「The Super Speedy Cider Squeezy 6000」に見るアメリカのほら話とメディスン・ショー

「The Super Speedy Cider Squeezy 6000」面白かったー!

みんなに愛着が湧いきたのでアップルファミリーが農園立退きの危機に晒されてると心が痛むのですが、それにしてもフリムフラム兄弟のミュージカルシーンのノリがすばらしかった!同時に、これは非常にアメリカのトール・テイル(ほら話)らしいエピソードだなーとか色々思ったのでメモ。

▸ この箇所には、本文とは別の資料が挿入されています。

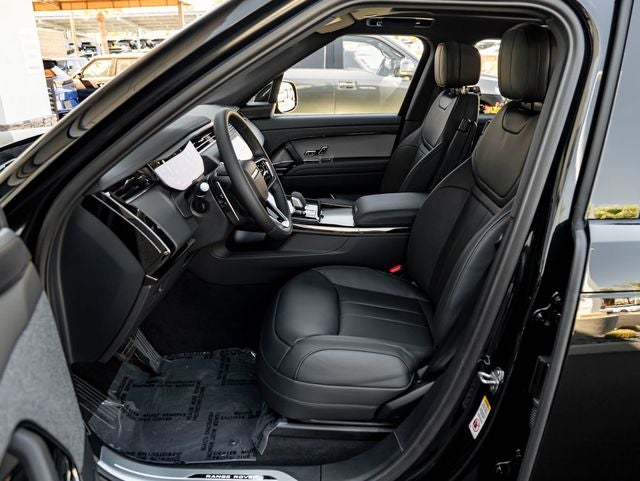 2027 Land Rover Range Rover Sport SE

トール・テイルの特徴 その1 『とにかく最新技術が正義。発明品や最先端マシンを前にすると、昔ながらの道具や手法は否応なく隅に追いやられる』

観てて真っ先に思い出したのは「ジョン・ヘンリー」のトールテイル。時は19世紀、ジョンはアメリカ大陸の鉄道を西へ広げる優れた「ハンマー使い」だった。しかし、雇主が蒸気で動くハンマーやドリルを購入してしまい雇用の危機にさらされる。困った彼は、仲間と自分のため、蒸気の力に勝負を挑み、見事勝利するがその対戦が仇となり息絶えてしまう…。


今回のお話、単にフリフラ兄弟の底が浅く、トワイの適材適所能力が隅々まで活かされたから農園は救われたようなもの。もしS1のようにAJが意地を張って、家族だけで対抗していたら…と想像すると、ヒヤヒヤします。

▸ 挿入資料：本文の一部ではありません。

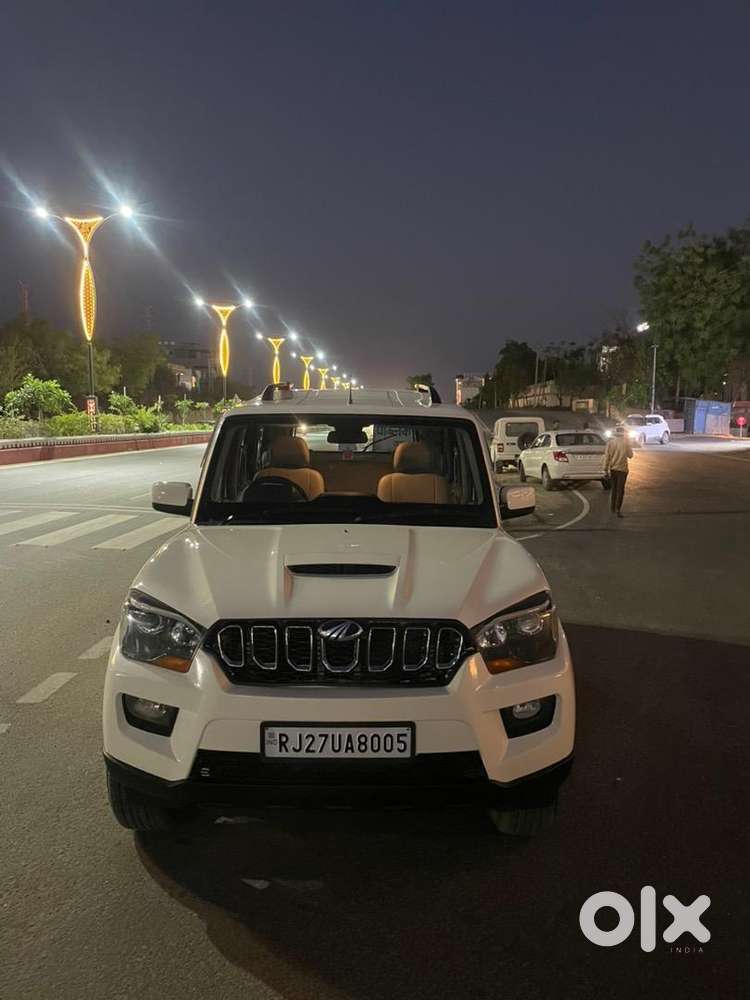 Mahindra Scorpio 2016 Diesel Good Condition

"John Henry"といえば、TMBGのアルバムに"John Henry"というアルバムがありましたね。関係ないですが。




トール・テイルの特徴 その2 『大きな賭けに出る割に勝利判定が適当。もっと言うと質より量で競う傾向がある』

機械が文明をリードする結果となるお話としては、斬伐マシンと勝負した巨人ポール・バニアンのお話もありますが、こちらは勝利判定基準に適当さのペーソス漂うトールテイル。だって「制限時間内にどちらがより伐採した木をより高く積み上げられるか」ですよ。そんなの、どう考えても大きい木を切った方が勝つに決まってるじゃないですか!どうして本数で判断しないんだ数えるのがめんどくさいんだろうかと憤ってしまいますが、結果は斬伐マシンの勝ち。勝負に負けたポールは集落を去ります。
長くなってしまったけれど、こちらも質より量で勝負してたフリフラ兄弟vsスイートアップル農園と根本は同じですね。大量生産の国アメリカらしい話の進め方だな、と思いました。




ついでに。

「レジェンド」といえば「ジョニーアップルシード」。 アップルサイダーもちゃんと登場します。
アップルジャック初登場シーンは、このジョニーアップルシードを思い出しました。




加えて、豆知識。マイリトルポニーの時代背景の参考になっているであろう19世紀後半〜20世紀前半のアメリカでは、フリフラ兄弟のような、村から村へと渡り歩く行商人がポピュラーでした。この頃はじめた商売が大成し、今日では大企業となっているケースも珍しくありません。
Jelly Belly のヒストリー - Jelly Belly Japan | ジェリーベリー ジャパン



また、フリフラ兄弟が、胡散臭いけどノリのいい音楽とキャッチーさで町の人々を虜にするようすは、19世紀「奇跡の薬」を売り歩きながら、客寄せのためにさまざまな余興を繰り広げ、後のルーツ・ミュージックの起源となった「メディスン・ショー」を彷彿とさせます。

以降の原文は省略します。